Provided material:
__________________________________________________
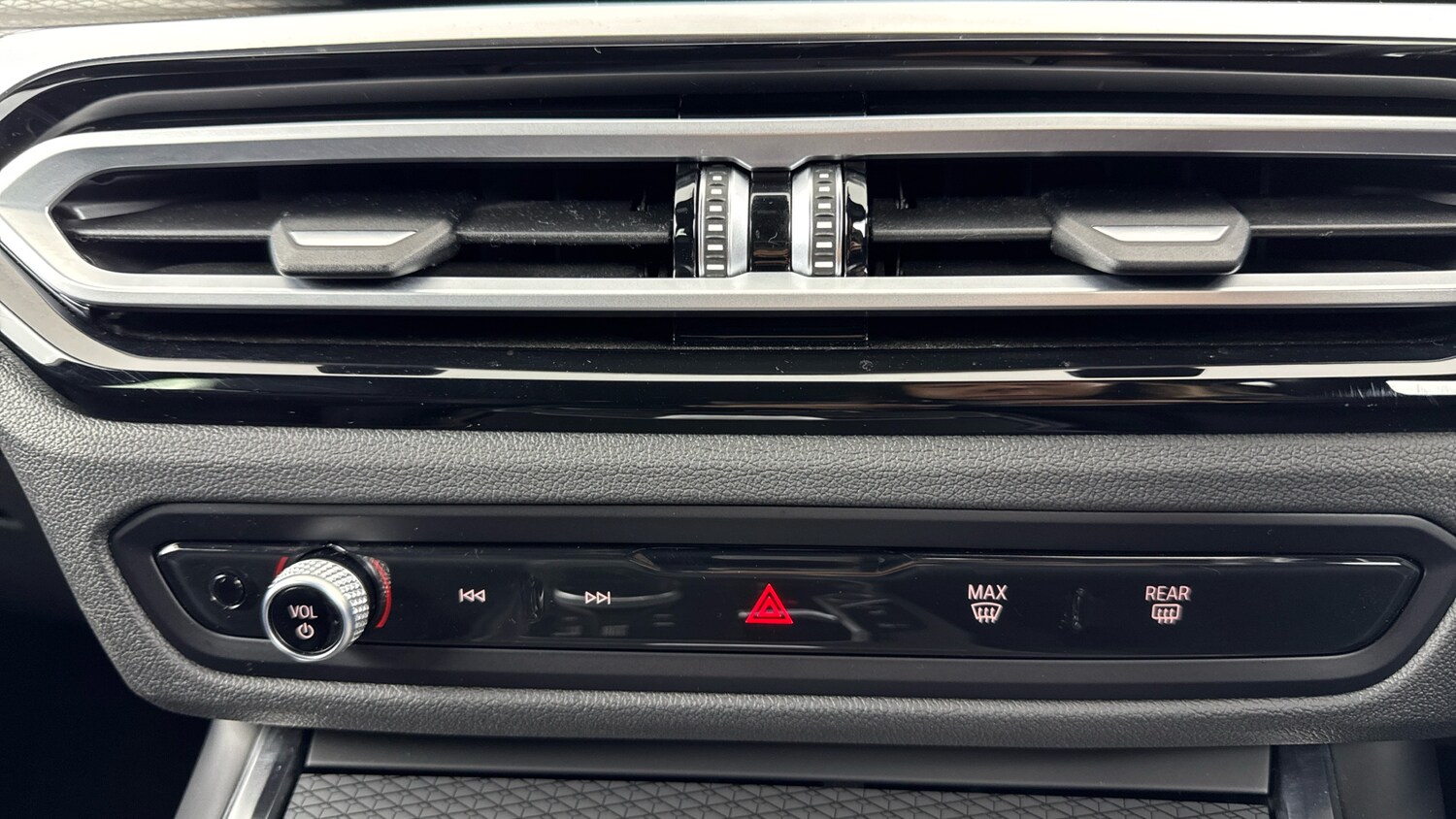 Used BMW 3 Series 2022 for sale - 77883872: Photo 40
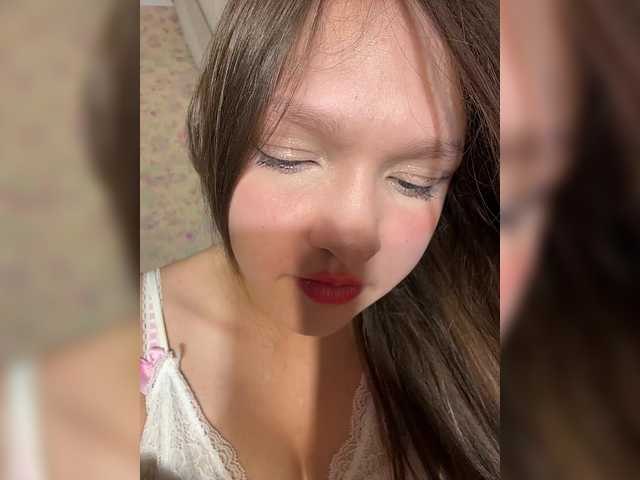 Cute-Lolly live cam on BongaCams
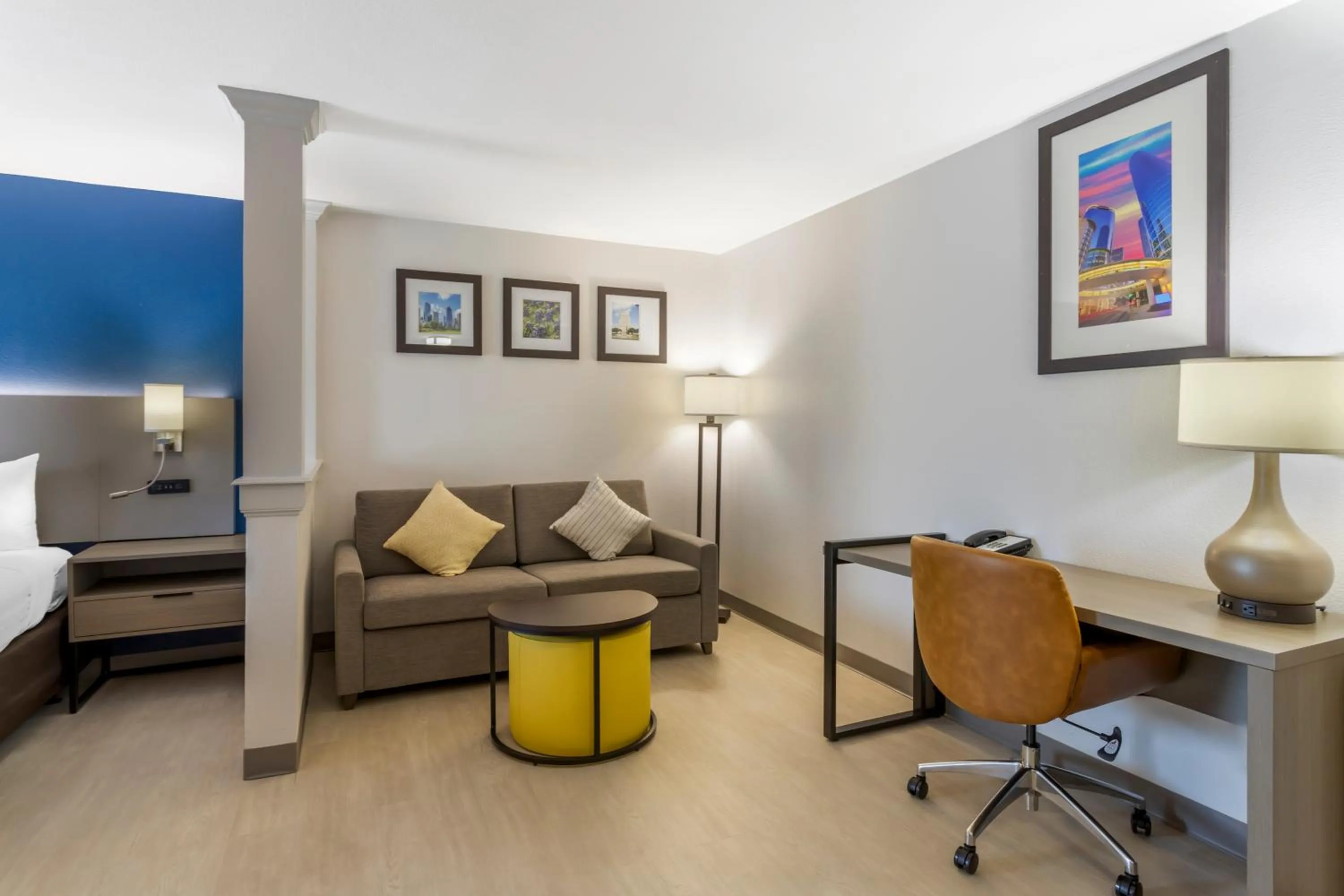 Comfort Inn & Suites Houston FM1960 - Champions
__________________________________________________
Task: The expected output is exactly the lines from the one containing "Cute-Lolly live cam on BongaCams" through the last line of the listing, both included, with every picture left out.

Expected answer:
 Cute-Lolly live cam on BongaCams
 Comfort Inn & Suites Houston FM1960 - Champions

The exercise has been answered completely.